Wednesday, July 10, 2013
Review: Pale Horses by Jassy Mackenzie
Reviewed by Laura Root.
(Read more of Laura's reviews for Euro Crime here.)
PALE HORSES is the fourth in Jassy Mackenzie's series of thrillers featuring Jade de Jong, South African PI. The book opens in an upscale cafe in Sandton, a very wealthy suburb of Johannesburg. Jade is still traumatised by events that took place in earlier novels in the series, but is persuaded to take on a case brought to her by the geeky millionaire trader Victor Theron. Theron has recently lost a friend, Sonet Meintjies in a suspicious extreme sports incident - Theron and Sonet were basejumpers, illicitly taking parachute jumps from high buildings without the owners' permission. Despite Theron checking Sonet's parachute for her before the jump, for some reason Sonet's parachute didn't function, resulting in her death. Theron is keen to avoid involvement and bad publicity in any homicide investigation resulting from the incident and hires Jade to uncover the truth about this incident.
Jade investigates the accident scene, and Sonet's personal and professional life, to uncover the truth. Sonet worked for a charity, Williams Management, that helps small rural communities set up sustainable crop farms. One of these farms included that formerly owned by her ex-husband, the embittered Van Schalkwyk, in Theunisvlei, subject of a successful land claim by the Siyabonga tribe. Jade's search for the truth leads her from Johannesburg to the depths of the Karoo. In the meantime, we see events through the eyes of Mrs Kumalo, widow of a man who worked on the farm at Theunisvlei, who took a job as housekeeper/chef for a wealthy Johannesberg man, but is being forced to act as driver for a shady criminal.
Jade is a reasonably sympathetic heroine, resourceful and with a strong sense of justice, if somewhat prone to impatience with those who get in the way of her investigation. Despite the deceptively gentle start, in the cafes and luxury tower blocks of Sandton, this book shows the danger and violence of carrying out investigative work in South Africa, and provides an interesting view of contemporary issues in South Africa in the post-apartheid era, including the operation of agribusiness and GM multinationals. Jassy McKenzie doesn't stint from showing the violence of those who were responsible for Sonet's death, and from showing how Jade herself has to resort to violence to protect her life and that of innocent witnesses.

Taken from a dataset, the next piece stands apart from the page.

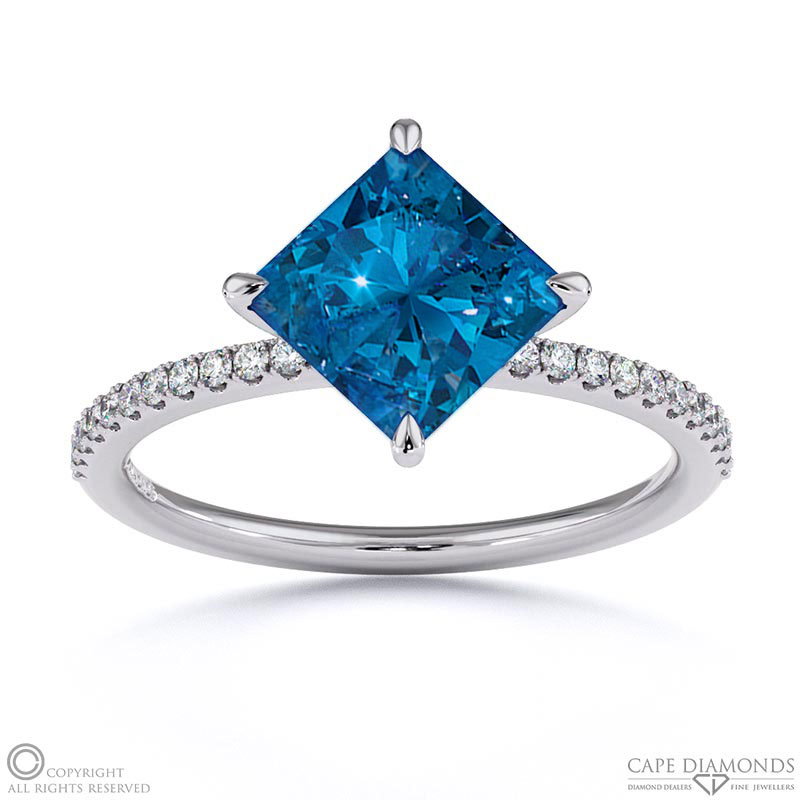 Sapphire East West Princess Cut Sidestones Engagement Ring White Gold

Jade's on-off relationship with Superintendent David Patel features in the latter half of the novel, and is the one slightly unsatisfactory note to this novel, particularly the subplot involving anonymous letters to Patel. It feels somewhat incongruous to have a romantic theme whilst Jade is dealing with all this violence around her, though admittedly the relationship is a useful plot device to allow Jade good police connections where necessary and to let us see a gentler side to Jade. Overall I found this a very enjoyable and surprisingly readable book, managing to be an intelligent pageturner. This book works well as a standalone, with the caveat that it does contain some significant potential spoilers about earlier books in the series.